Евпраксия - Загребельный Павел Архипович (лучшие бесплатные книги .TXT) 📗
Чуть ли не бегом одолела в темноте первые каменные ступеньки. Но в первом же, освещенном сквозь узкие прорези в стенах, помещении вместо дикости и запустения ее ожидало достойное дворца убранство; вдобавок ко всему незамутненно засверкали навстречу ей глаза верной Вильтруд.
– Как? И ты? – прошептала Евпраксия девушке, а та бросилась к императрице и склонилась в обычном своем поклоне, обычном – будто ничего не произошло, будто все так и должно было быть!
– Ваше величество, я проведу вас. Ваши покои наверху. Там для вас все, все. И аббат Бодо ожидает вас там.
Ах, аббат ожидает. Он тоже тут. Все предусмотрено и приготовлено заботливо, старательно, с холодным сердцем. Никто не защитил ее, все согласились, что так и должно было быть. Ну, Вильтруд, понятно. Но аббат?
За ним церковь, бог. Разве бог хочет того же, что Генрих?
Теперь не оставалось ей ничего. Выше! Выше! Выше!
Чуть ли не бегом преодолевала Евпраксия бесконечные каменные ступеньки. Вильтруд не успевала за императрицей. Выше! К самым облакам! К небу!
Упала, когда уже не было никаких сил. Пустота в теле. Умерло все. И она умерла для всего.
Не слыхала, как бормотал молитву аббат Бодо, как раздевала ее, укладывая в постель, Вильтруд. Не видела слез. Ни своих, ни той девушки, которая добровольно давала себя заковать в камень вместе со своей императрицей.

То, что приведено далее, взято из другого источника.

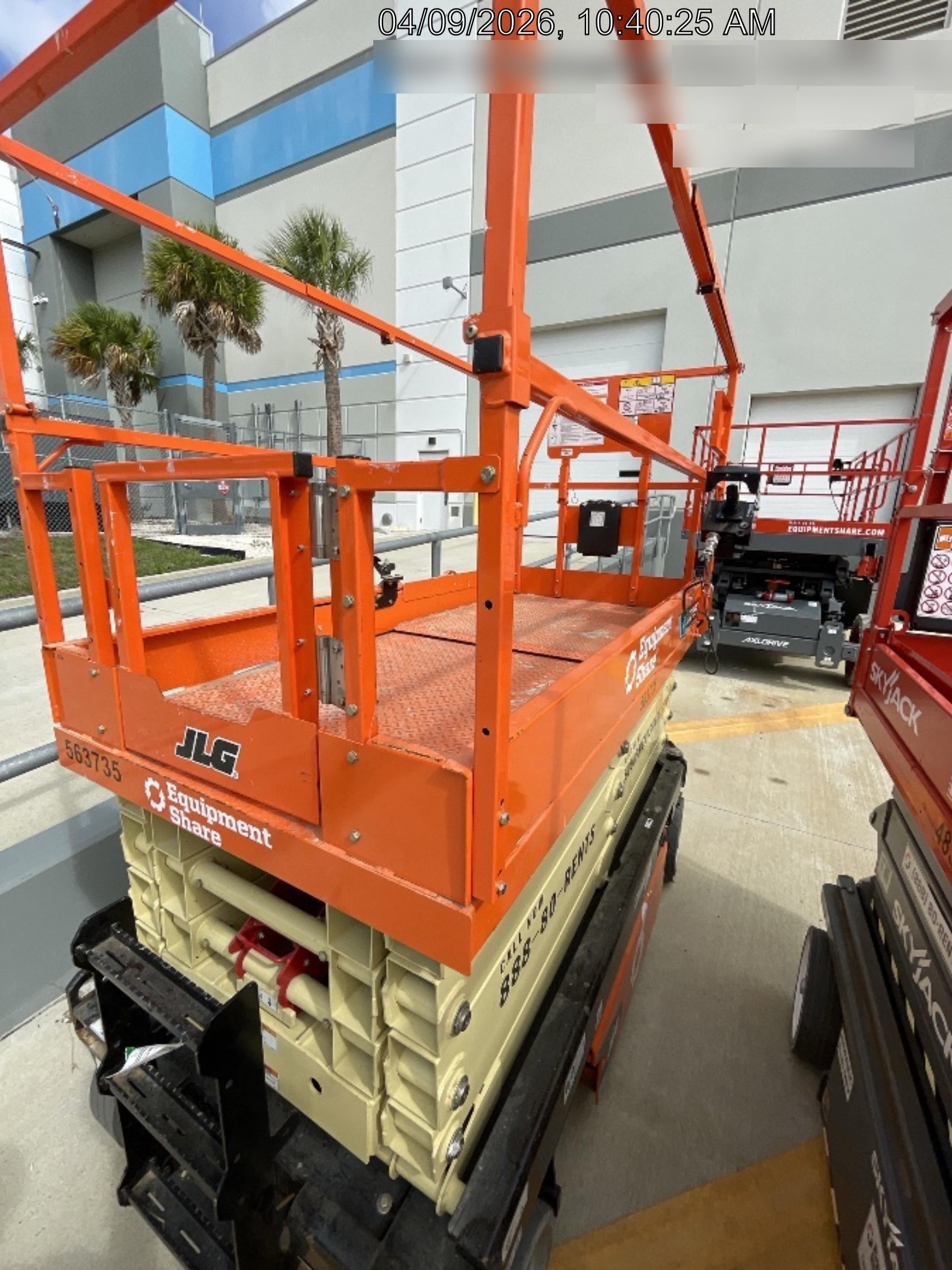 2025 JLG ES3246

Снова, как при рождении ее ребенка, сотряслись все недра земные и раскалывалось небо, обрушивались горы, клокотали дикие воды, и продолжалось все это долго – неделю, месяц, год. Разве она могла знать, сколько это продолжалось?.. Когда встала на ноги, удивилась: башня привычна, заключение привычно, тесны границы ее мира, но душа не рвалась на волю, воспринимала все как данное, должное. Когда же успела привыкнуть?
И как такое могло с ней случиться? Не во время ли забытья-лихорадки нажужжал ей в уши аббат Бодо о необходимости покорности, и она бессознательно приняла, восприняла в себя его поучения? Блаженны убогие духом. Блажен, кто не жаждет, блажен, кто не бунтует. Блаженны покорные духом. Неужто она так легко поддалась уговорам? Неужто настолько состарилась душой, что уже не жаждет воли! Еще ведь совсем недавно жаждала воли – для себя, себе, не задумываясь, есть ли вообще воля на свете. Аббат Бодо бормотал все про одно – что человек если и должен жаждать, то лишь бога душою своею, да и Куррадо говорил ей о боге, о боге, об одном только боге, а она слушала их и не слышала, потому что для нее бог – это свобода, раскованность, безбрежность желаний и жизни. Так было для нее. Не терпела насилия, чужда покорности, далека от обязанностей – и вот теперь должно ей приспособиться ко всему этому сразу, вместе, и кто-то помогает ей, уложил в постель, убаюкал душу.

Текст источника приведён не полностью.